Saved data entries
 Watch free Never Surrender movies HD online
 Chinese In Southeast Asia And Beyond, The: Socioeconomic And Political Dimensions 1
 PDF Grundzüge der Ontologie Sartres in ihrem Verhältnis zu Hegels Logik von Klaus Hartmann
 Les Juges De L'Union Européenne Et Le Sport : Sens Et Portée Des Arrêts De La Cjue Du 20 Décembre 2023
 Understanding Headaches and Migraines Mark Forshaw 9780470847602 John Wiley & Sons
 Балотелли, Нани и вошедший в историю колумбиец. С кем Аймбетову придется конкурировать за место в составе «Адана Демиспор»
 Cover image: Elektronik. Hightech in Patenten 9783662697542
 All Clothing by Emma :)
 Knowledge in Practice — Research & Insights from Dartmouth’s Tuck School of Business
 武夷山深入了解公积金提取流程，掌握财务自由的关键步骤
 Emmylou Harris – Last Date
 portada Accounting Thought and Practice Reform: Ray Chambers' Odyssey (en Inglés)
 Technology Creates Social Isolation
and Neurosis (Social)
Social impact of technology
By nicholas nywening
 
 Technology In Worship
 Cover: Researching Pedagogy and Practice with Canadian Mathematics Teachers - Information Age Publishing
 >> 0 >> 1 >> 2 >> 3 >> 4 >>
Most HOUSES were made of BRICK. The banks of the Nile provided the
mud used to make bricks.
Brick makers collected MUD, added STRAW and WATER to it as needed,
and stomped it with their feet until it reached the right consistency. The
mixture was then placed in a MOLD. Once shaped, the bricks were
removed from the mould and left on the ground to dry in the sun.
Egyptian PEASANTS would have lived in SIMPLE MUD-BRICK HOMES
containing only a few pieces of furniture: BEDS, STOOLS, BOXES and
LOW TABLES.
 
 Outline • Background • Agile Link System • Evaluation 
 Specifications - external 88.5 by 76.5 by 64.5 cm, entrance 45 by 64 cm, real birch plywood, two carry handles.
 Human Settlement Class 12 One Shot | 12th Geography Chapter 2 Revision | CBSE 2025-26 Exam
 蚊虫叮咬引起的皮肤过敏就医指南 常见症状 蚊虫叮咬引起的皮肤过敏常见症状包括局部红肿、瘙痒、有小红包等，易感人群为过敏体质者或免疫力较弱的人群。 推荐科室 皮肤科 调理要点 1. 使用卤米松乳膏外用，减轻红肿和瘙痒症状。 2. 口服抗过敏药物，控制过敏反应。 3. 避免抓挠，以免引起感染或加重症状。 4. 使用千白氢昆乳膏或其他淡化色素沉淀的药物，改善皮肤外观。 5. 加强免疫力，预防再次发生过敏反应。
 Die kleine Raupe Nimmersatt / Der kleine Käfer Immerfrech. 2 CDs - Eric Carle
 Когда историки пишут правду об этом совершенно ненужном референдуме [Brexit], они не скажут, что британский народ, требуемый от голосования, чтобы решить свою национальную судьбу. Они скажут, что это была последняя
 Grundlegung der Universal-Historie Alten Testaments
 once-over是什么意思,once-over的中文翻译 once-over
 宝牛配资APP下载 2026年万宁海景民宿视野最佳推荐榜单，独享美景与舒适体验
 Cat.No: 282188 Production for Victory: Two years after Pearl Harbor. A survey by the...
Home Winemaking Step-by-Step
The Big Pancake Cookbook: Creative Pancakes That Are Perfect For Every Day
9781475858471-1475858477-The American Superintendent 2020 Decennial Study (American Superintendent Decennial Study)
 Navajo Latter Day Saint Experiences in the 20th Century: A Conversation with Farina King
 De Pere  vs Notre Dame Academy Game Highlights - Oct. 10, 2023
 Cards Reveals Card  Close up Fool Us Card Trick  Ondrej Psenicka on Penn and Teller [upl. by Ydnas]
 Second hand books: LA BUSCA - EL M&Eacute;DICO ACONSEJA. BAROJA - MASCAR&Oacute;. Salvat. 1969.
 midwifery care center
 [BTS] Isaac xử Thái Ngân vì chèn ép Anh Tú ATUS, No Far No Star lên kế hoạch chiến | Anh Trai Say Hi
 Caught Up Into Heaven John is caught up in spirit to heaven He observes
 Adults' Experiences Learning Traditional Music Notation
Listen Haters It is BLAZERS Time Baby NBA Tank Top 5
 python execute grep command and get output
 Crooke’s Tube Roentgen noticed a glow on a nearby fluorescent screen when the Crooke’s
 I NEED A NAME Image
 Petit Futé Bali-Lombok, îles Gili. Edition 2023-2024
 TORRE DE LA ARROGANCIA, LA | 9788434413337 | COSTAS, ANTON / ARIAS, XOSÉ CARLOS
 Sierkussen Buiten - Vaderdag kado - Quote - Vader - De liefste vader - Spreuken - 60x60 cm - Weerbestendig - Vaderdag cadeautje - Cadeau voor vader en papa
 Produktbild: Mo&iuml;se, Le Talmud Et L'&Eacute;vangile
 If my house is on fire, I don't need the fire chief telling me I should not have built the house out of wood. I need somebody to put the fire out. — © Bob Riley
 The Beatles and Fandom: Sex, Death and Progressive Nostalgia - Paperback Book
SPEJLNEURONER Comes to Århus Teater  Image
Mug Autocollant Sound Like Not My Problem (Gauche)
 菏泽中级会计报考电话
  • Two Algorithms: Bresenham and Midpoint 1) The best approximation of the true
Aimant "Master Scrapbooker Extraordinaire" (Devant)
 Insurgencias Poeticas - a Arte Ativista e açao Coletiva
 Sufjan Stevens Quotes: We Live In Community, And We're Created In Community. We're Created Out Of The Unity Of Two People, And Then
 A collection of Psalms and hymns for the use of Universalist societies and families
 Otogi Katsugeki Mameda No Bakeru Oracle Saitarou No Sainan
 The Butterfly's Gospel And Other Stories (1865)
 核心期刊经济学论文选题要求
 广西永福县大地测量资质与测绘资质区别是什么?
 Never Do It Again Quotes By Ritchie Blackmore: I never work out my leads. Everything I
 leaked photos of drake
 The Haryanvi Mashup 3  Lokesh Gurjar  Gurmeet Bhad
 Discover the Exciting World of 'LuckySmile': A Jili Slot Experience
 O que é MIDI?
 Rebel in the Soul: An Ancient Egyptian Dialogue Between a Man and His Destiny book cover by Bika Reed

# Required action:
Output the records above exactly, from their first line through the line that contains "Emmylou Harris – Last Date", and add nothing.

# Your response:
 Watch free Never Surrender movies HD online
 Chinese In Southeast Asia And Beyond, The: Socioeconomic And Political Dimensions 1
 PDF Grundzüge der Ontologie Sartres in ihrem Verhältnis zu Hegels Logik von Klaus Hartmann
 Les Juges De L'Union Européenne Et Le Sport : Sens Et Portée Des Arrêts De La Cjue Du 20 Décembre 2023
 Understanding Headaches and Migraines Mark Forshaw 9780470847602 John Wiley & Sons
 Балотелли, Нани и вошедший в историю колумбиец. С кем Аймбетову придется конкурировать за место в составе «Адана Демиспор»
 Cover image: Elektronik. Hightech in Patenten 9783662697542
 All Clothing by Emma :)
 Knowledge in Practice — Research & Insights from Dartmouth’s Tuck School of Business
 武夷山深入了解公积金提取流程，掌握财务自由的关键步骤
 Emmylou Harris – Last Date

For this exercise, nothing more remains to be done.